Viscous hydrodynamics of excitons in van der Waals heterostructures

TL;DR

This paper theoretically demonstrates the possibility of achieving viscous hydrodynamic (liquid-like) exciton transport in two-dimensional transition metal dichalcogenides, highlighting conditions for observing this regime and deriving relevant hydrodynamic equations.

Contribution

It introduces a theoretical framework for exciton hydrodynamics in 2D materials, deriving equations and identifying conditions for viscous regime observation.

Findings

Viscous hydrodynamic regime can be realized where exciton-exciton collisions dominate.

Derived hydrodynamic equations for exciton flow based on Boltzmann kinetic theory.
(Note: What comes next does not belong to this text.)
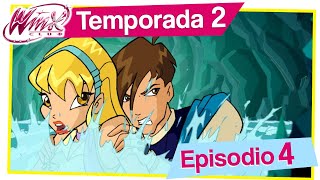 Winx Club  Latinoamérica  Temporada 2 Episodio 4  La princesa Amentia COMPLETO [upl. by Ynnattirb971]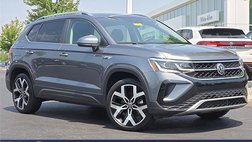 2022 Volkswagen Taos SEL 4Motion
Compared different exciton propagation regimes including diffusive, viscous, and superfluid.

Abstract

Excitons in semiconductors can form a variety of collective states leading to different regimes of exciton propagation. Here we theoretically demonstrate the possibility to reach the viscous hydrodynamic -- liquid-like -- regime of exciton propagation in two-dimensional materials, focusing on the mono- and bi-layers of transition metal dichalcogenides. This regime can be realized where the exciton-exciton collisions dominate over exciton-phonon and disorder scattering. We have derived the hydrodynamic-like set of equations describing viscous flow of interacting excitons based on the Boltzmann kinetic equation for the exciton distribution function. A comparison of various exciton propagation regimes including diffusive, viscous hydrodynamic, and superfluid regime is presented. Conditions which allow one to observe the hydrodynamic regime of exciton transport, and the role of material are discussed.